(What you should do): Leaving out every picture, please repeat exactly the line that contains "草刈り、除草イメージ 草刈りをする男性手元 草刈り、除草イメージ" and each line after it through the final line below.

━━ Recorded data ━━

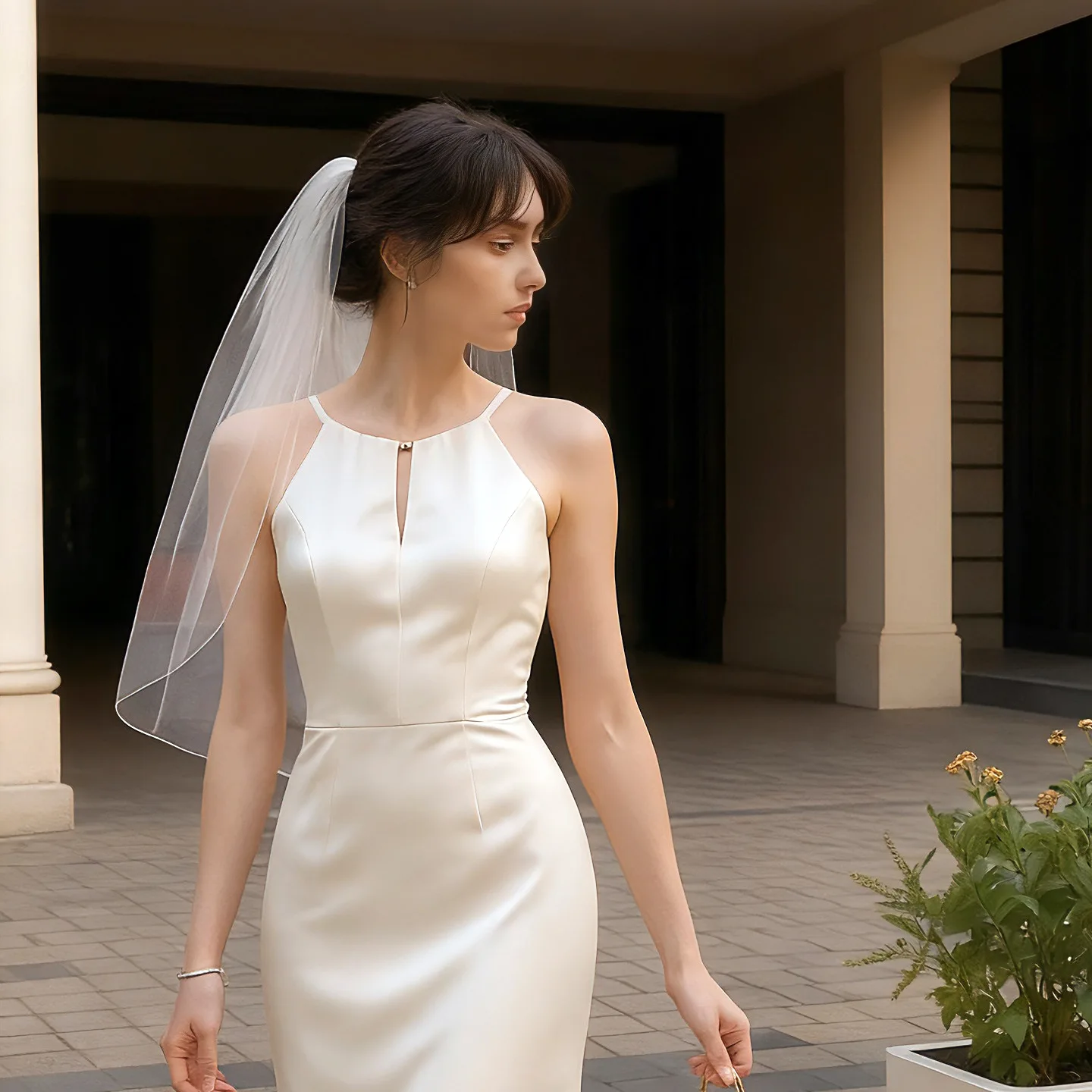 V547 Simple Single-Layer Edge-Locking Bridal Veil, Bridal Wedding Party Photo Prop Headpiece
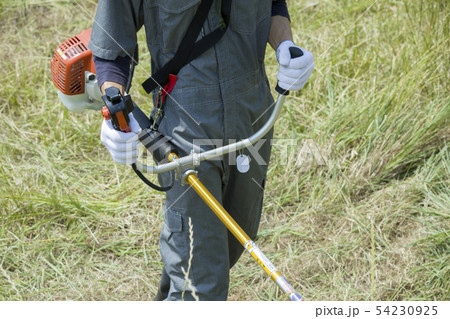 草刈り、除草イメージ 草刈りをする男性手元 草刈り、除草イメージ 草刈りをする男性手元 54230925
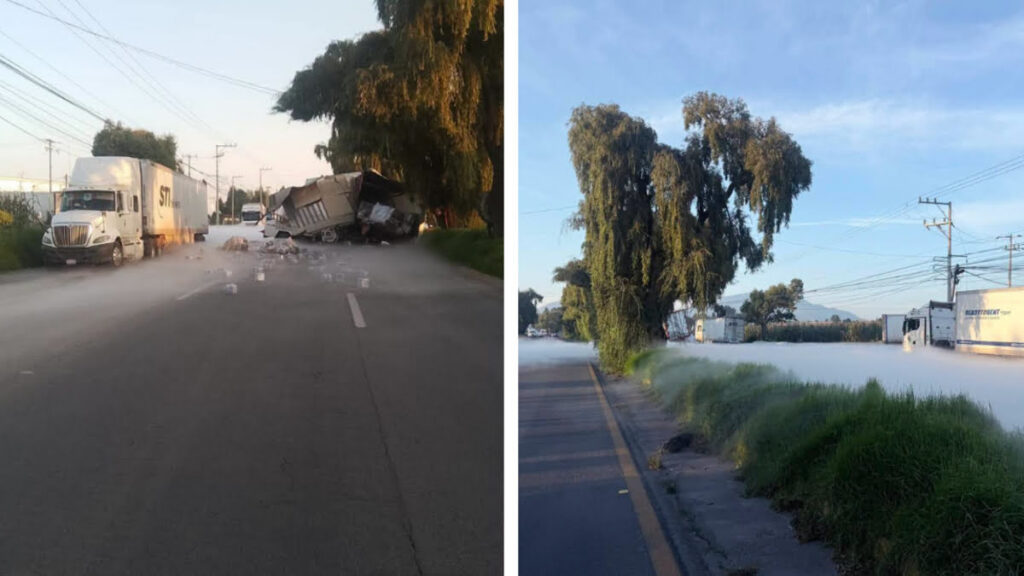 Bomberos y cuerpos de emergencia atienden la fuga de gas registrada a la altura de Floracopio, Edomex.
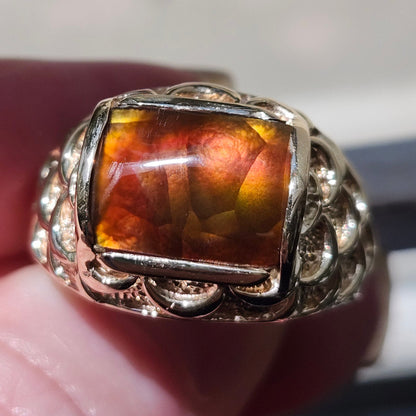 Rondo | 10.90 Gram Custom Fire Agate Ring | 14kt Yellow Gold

━━━

(Solution to the exercise):
 草刈り、除草イメージ 草刈りをする男性手元 草刈り、除草イメージ 草刈りをする男性手元 54230925
 Bomberos y cuerpos de emergencia atienden la fuga de gas registrada a la altura de Floracopio, Edomex.
 Rondo | 10.90 Gram Custom Fire Agate Ring | 14kt Yellow Gold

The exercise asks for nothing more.